## Given material

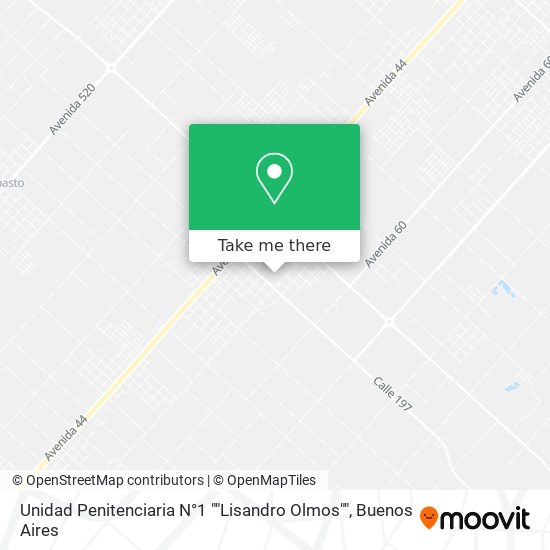 Unidad Penitenciaria N°1 ""Lisandro Olmos"" map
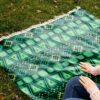 Fluwelen Deken Zacht & Licht voor Bank – Geometrisch Patroon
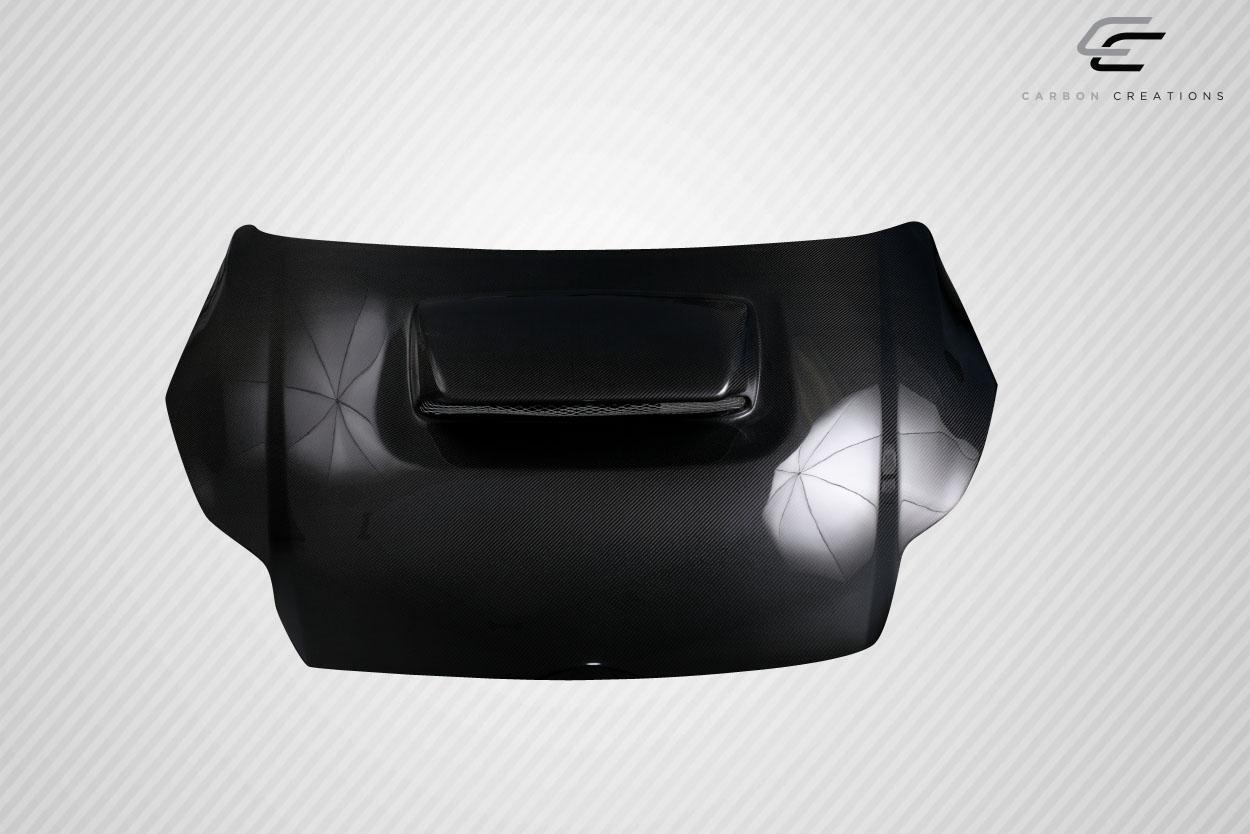 2012-2014 Ford Focus Carbon Creations Ram Air Carbon Fiber Hood - Image 2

## Problem details
Would you set down the listing exactly, omitting pictures?

## Task solution
 Unidad Penitenciaria N°1 ""Lisandro Olmos"" map
 Fluwelen Deken Zacht & Licht voor Bank – Geometrisch Patroon
 2012-2014 Ford Focus Carbon Creations Ram Air Carbon Fiber Hood - Image 2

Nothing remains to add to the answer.